I suspect this is moving around the issue at hand here because it's likely the murder hornets will target orchard bees as well. They just aren't conveniently located in giant boxes by the hundreds.
Orchard bees are domesticated and used as pollinators. They're solitary bees, which I'm guessing prevents usage for mass pollination of crops.
That being said there are lots of animals that can't be domesticated. Zebras are the classic example, being very similar to domesticated horses but are much more aggressive and unpredictable.
Yeah -- individual orchard bees are significantly more efficient, but an individual honeybee hive crams in tens of thousands of bees; you make it up on scale.
Honeybees also work well with mono-cropping because you can easily pick up and move the entire hive from massive field to massive field just in time for pollination.
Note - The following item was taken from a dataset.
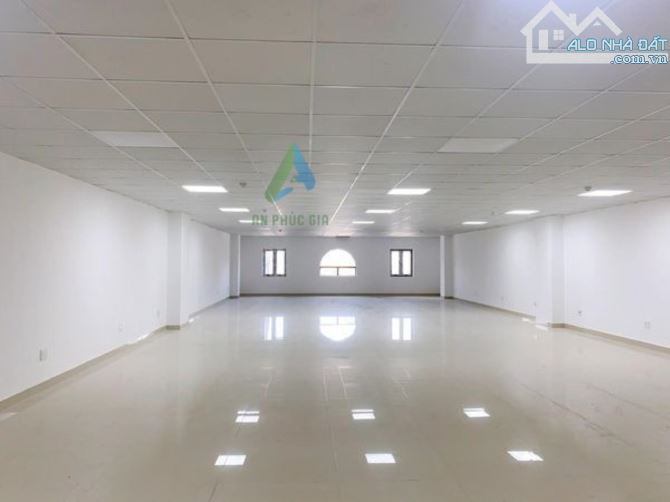 CHO THUÊ NHÀ NGUYÊN CĂN MẶT TIỀN ĐƯỜNG LÊ THANH NGHỊ - 204,7 M² - 9 PN - GIÁ 135 TRIỆU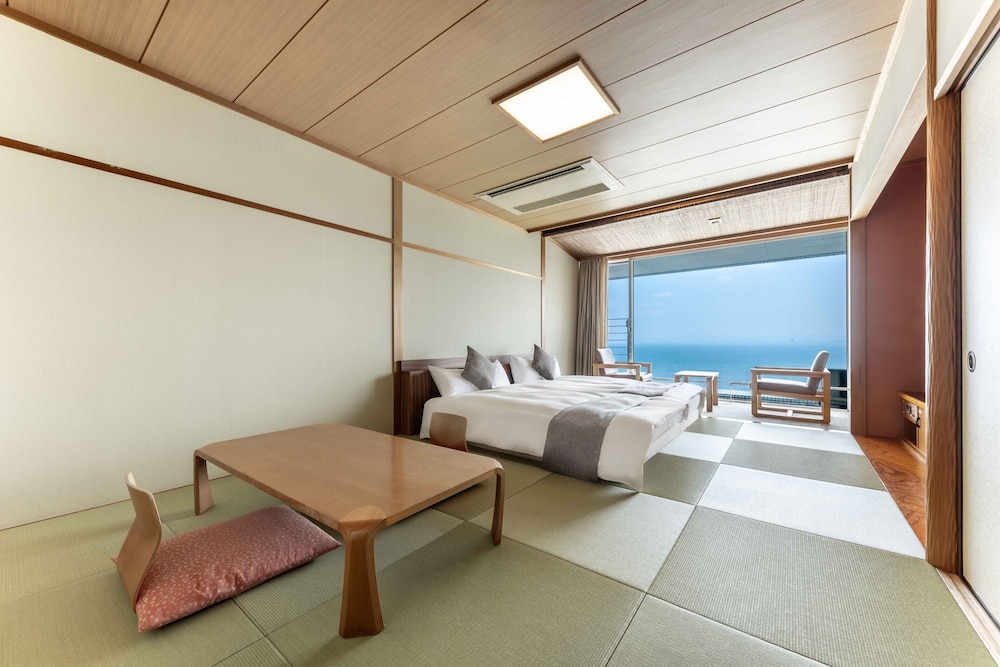 南館和室ツイン12畳 禁煙 | スパ & リゾート ホテルソラージュ 大分・日出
If you are relying on a wild bee population they'll do better when they have lots of plants in bloom across a wide spectrum of time so they have a chance to build up their population before the major blooms eg the orchard you want pollinated. Otherwise you run the risk of only have a small bee population that can't fully take advantage of (and pollinate) the suddenly massive resource glut of several square miles of orchards suddenly in bloom at once.
> That being said there are lots of animals that can't be domesticated. Zebras are the classic example, being very similar to domesticated horses but are much more aggressive and unpredictable.
Interestingly, we have records of contemporary impressions of tarpans and aurochs, back when they weren't extinct. They tended to be described in terms like "absolutely untamable".
Well, neither are most of the crops the Europeans started growing in America. They brought everything from apple species to wheat.
Not all of these are self-pollinating, so they had to bring bees too.